Instructors: Jay Walton, Paulo Lima-Filho and with the help of Pat Wilber and Dave Swanson.
This VIGRE seminar was offered in conjunction with our NSF-funded Summer REU program .
General Description. In this interdisciplinary seminar we will discuss some mathematical aspects of ecosystems modeling. Its main emphasis will lie on the impact of changes in the landscape topology on populations, including its distribution and dynamics.
Outline of Topics.
- Topology of metric spaces:
The notion of metric space will be the starting point of the seminar. The abstract concept of distance can incorporate many features of a landscape and express how distinct species may perceive the topology of a landscape differently, despite living in the same geographic area.
- Metric spaces and their subspaces;
- Open sets, closed sets and their boundaries;
- Continuity, connectedness and compactness;
- Main examples: planar domains, and surfaces in three dimensional Euclidean spaces (as theoretical models for topographical descriptions of landscapes); planar grids and discrete sets (as models for digitalized landscapes).
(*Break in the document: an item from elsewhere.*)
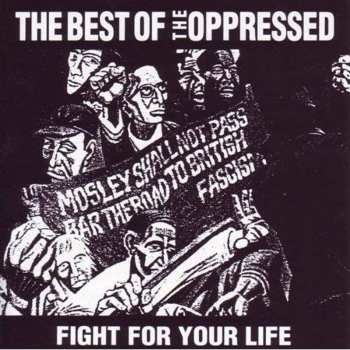 The Oppressed: Fight For Your Life - The Best Of The Oppressed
- Basics of differential geometry of surfaces
This segment provides a presentation of particular examples of metric spaces, via a careful examination of surfaces in Euclidean space vs. planar domains. We show how to codify distances in the former via the notion of Riemannian metric on the latter. A particular manifestation of the concept arises when one analyzes topographical maps, where altitude is an additional data attached to a planar domain.
- Surfaces in Euclidean space; graphs;
- First fundamental form; lengths of curves;
- The underlying metric space; discrete analogues;
- Basic differential equations on surfaces.
- Topology of landscapes
Here we formalize the concepts of patches and habitats, as particular subspaces of a region (a metric space in this case). We generalize the usual notions of patches to incorporate scale sensitivity to our analysis. The scale sensitivity of the model will be demonstrated with the GIS program IDRISI.
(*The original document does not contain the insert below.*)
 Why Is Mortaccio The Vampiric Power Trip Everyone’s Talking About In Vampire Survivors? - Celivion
- Compact subsets of a metric space;
- Various notions of distance between subsets;
- Connected components and patches; generalized patches and corridors;
- Variations in scale and computers demonstrations.
- Impact on dynamics of populations
Aspects of population dynamics will be presented, including proposed differential equations to model its behavior. This will be placed under the differential-geometric context described above.
- Issues and problems in population dynamics;
- Modeling the dynamics of populations;
- Basic differential equations governing the dynamics.